The FPF has a big problem: it is illegal. You can't forbid a property from spending its money on its company. The FPF serves to crystallize the positions of strength and prevent small teams from becoming big. If City is sanctioned and appeals to the court, FPF will be canceled (and probably PL will have to repay City with hundreds of millions).
The parent company is not forbidden
per se to spend its own money at all in any way shape or form as long as they follow local laws. They are however prohibited to do so if they want to participate in the
competition.
Participation in the competition, comes with a set framework that all clubs participating are obligated to agree to to enter the competition, in this case the Premier League.
Want to spend frivilous amounts of money? Go ahed. You can however then not participate in the competition. UEFA is the governing body, all registered clubs in UEFA needs to act according to its laws. All clubs accept UEFAs authority by being part of the league system.
The local leagues are free to enact their own, harsher version of FFP, for example in the case of La Liga.
The FFP is there to ensure that clubs dont go under from being victims of frivilous owners who spend huge amounts of money only to leave the clubs high and dry, which has been the case with many clubs, for example Malaga who ended up being forced to release their entire first team squad due to a horrible foreign owner that spent money like a drunk sailor.
It is there not to prevent small teams from becoming big, but to prevent big and small teams from overreaching, unable to handle their financial obligations.

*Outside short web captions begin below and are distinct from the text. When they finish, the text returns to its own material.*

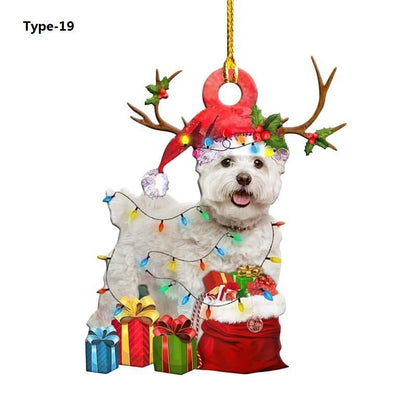 Christmas Tree Puppy Pendant Ornament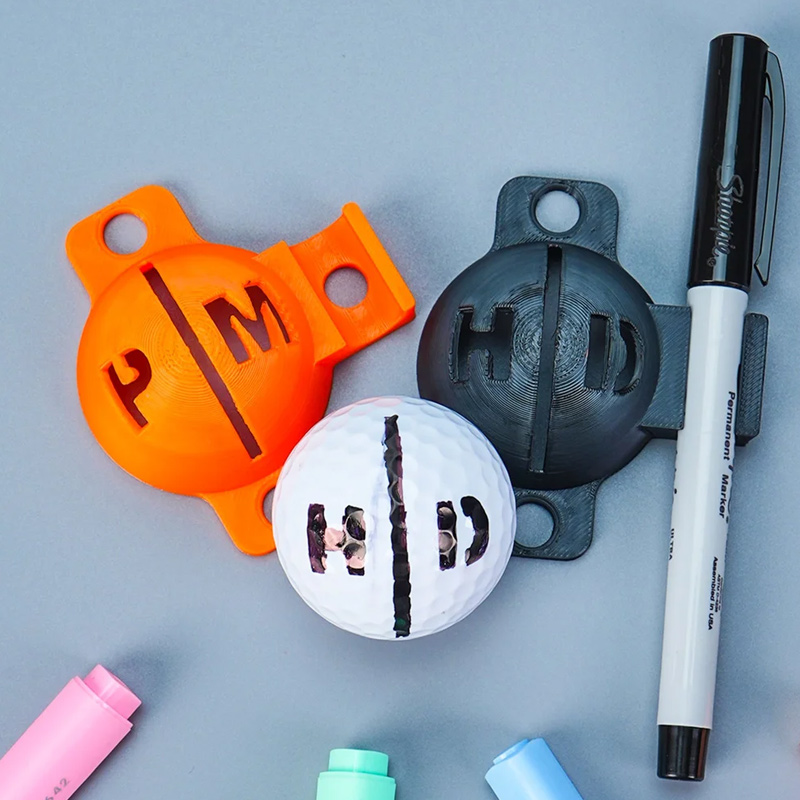 Personalized Multicolor 3D Printed Initials Golf Ball Line Stencil for Sharper Aim Golf Accessories Birthday Club Gift for Golfers Golf Lovers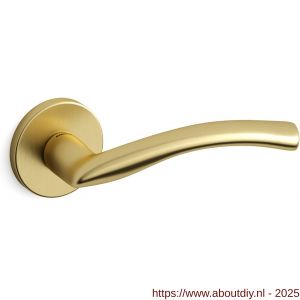 Mandelli1953 351 Zoom deurkruk op rozet 51x6 mm mat messing - A21011606 - afbeelding 1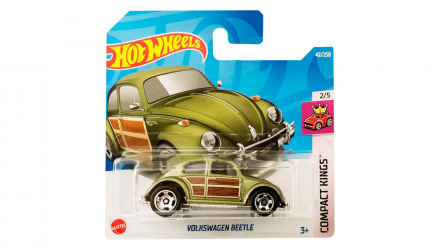 Машинка Базова Hot Wheels Volkswagen Beetle Compact Kings 1:64 HCW88 Green - Retromagaz, image 1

The system isnt perfect, but its better than sacrificing a few clubs in the process to let everyone else spend freely. What do you imagine happens if a oil club gets told there is a no-limit of spend? Think £200m for a player is a lot? Try £400m for Mbappe on a 10 year contract. Player values for the elite clubs will reach a level of inflation that WILL cause clubs to go bankrupt the moment a investor needs to pull out,or we hit a new recession that impacts clubs finances like it did with Covid.

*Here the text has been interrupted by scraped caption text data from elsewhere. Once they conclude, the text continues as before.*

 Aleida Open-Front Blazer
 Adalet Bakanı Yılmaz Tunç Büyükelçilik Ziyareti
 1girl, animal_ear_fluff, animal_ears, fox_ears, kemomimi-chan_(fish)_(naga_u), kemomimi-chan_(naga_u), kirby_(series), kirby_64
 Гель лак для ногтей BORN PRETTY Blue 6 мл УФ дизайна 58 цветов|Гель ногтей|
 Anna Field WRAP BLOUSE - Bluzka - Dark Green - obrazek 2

The courts cant choose to cancel FFP without having a legal framework to reference. It would require legislation from the government to be passed into law to do that.
Currently, there is nothing that stops a governing body of a sports assosication to enact its own rules that still comply with regular employment laws in relation to employees of a sport club under contract, which are slightly differenct from say someone who works as a taxi driver, or as a cashier re: employment protection etc.